# machine learning

Machine Learning is a topic that I’ve been interested in for years, but have never taken the time to learn. I’ve recently found some articles and projects that looked interesting, which I link to later. But before I really jump into any of those I thought I should start at the beginning with an introduction to machine learning.

The Machine Learning course taught by Andrew Ng seems to be the seminal course. I also found Intro to Machine Learning available on Udacity is taught by Sebastian Thrun and Katie Malone.

I decided to try out the Udacity course since I’ve never really tried their courses before.

Here are links to articles, blog posts and projects that look interesting:

- Machine Learning Crash Course
- ML-From-Scratch
- Awesome Deep Learning Papers
- The Unreasonable Effectiveness of Recurrent Neural Networks
- Gentlest Introduction to TensorFlow
- Partial Derivatives and Basic Matrix Operations 1, 2, 3.

My plan is to update this page from time to time with notes and my status on my journey to grokking Machine Learning.

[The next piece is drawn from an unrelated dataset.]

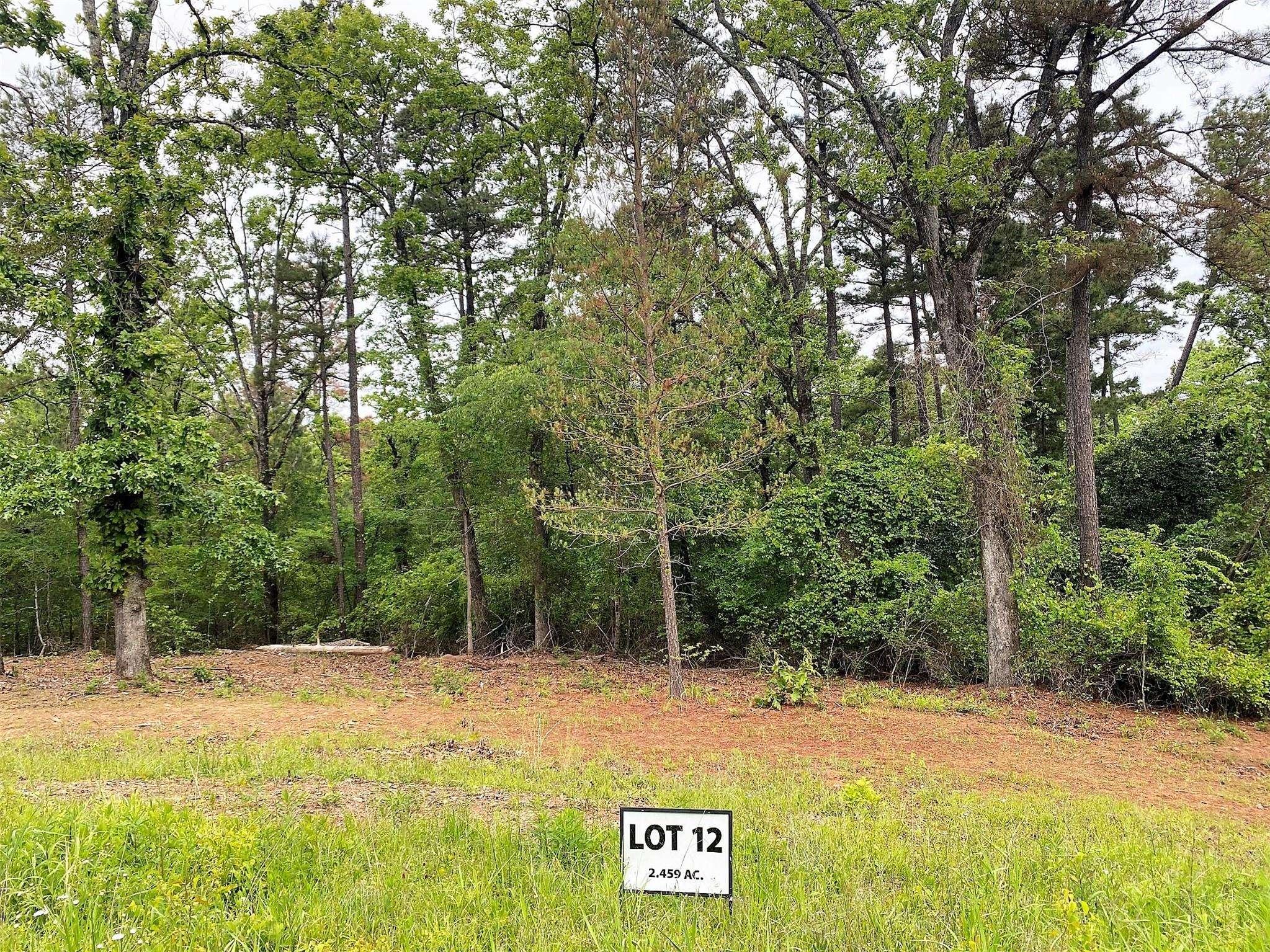 Lindale, TX 75771,Lot 12 County Road 436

- March 01, 2017 - start Intro to Machine Learning
- March 03, 2017 - Completed Naive Bayes section of course
- machine learning finds the decision surface (aka decision boundary), separates one class from another to generalize new data points
- algorithms are divided into two types: supervised vs unsupervised
- Bayes Algorithm
- Prior Probability x Test Evidence -> Posterior Probability
- Naive Bayes algorithm
- supervised
- usually used for text learning
- looks at word frequencies, not word order
- given the frequency of words for a person, multiply the probability for each word and then multiply that by the prior probability. Do that for each person. For example, If you have two people, perform the multiplication for Person A and Person B, this will give you the ratio of whether it was Person A or Person B.
- It is good for classifying texts because of its simplicity and the independent features.
- Example where it fails, “Chicago Bulls”. Since the algorithm ignores word order it would treat it as “Chicago” and “Bulls”.

March 07, 2007

- Support Vector Machine (SVM)
- find separating line between data of two different classes, called a hyper line
- the “best” line maximizes the distance to the nearest point, this is called the margin
- should “do the best it can”, when a clear line can’t be created (b/c of outliers)
- sometimes you have to add a new feature (such as x^2+y^2, or absolute value of x |x|, etc) so the SVM can linearly separate the two classes of data
- kernel trick
- there are often parameters you can use when setting up your classifier (can make a big difference when training the model)
- kernel
- C – controls tradeoff between smooth decision boundary and classifying training points correctly
- gamma

- work well in complicated domains where there is a clear marginal separation
- don’t perform well in very large datasets b/c the training time, or lots and lots of noise (where classes overlap a lot, naive bayes would be better)
- Want to prevent overfitting, by tuning parameters. That’s where the decision boundary is very complicated.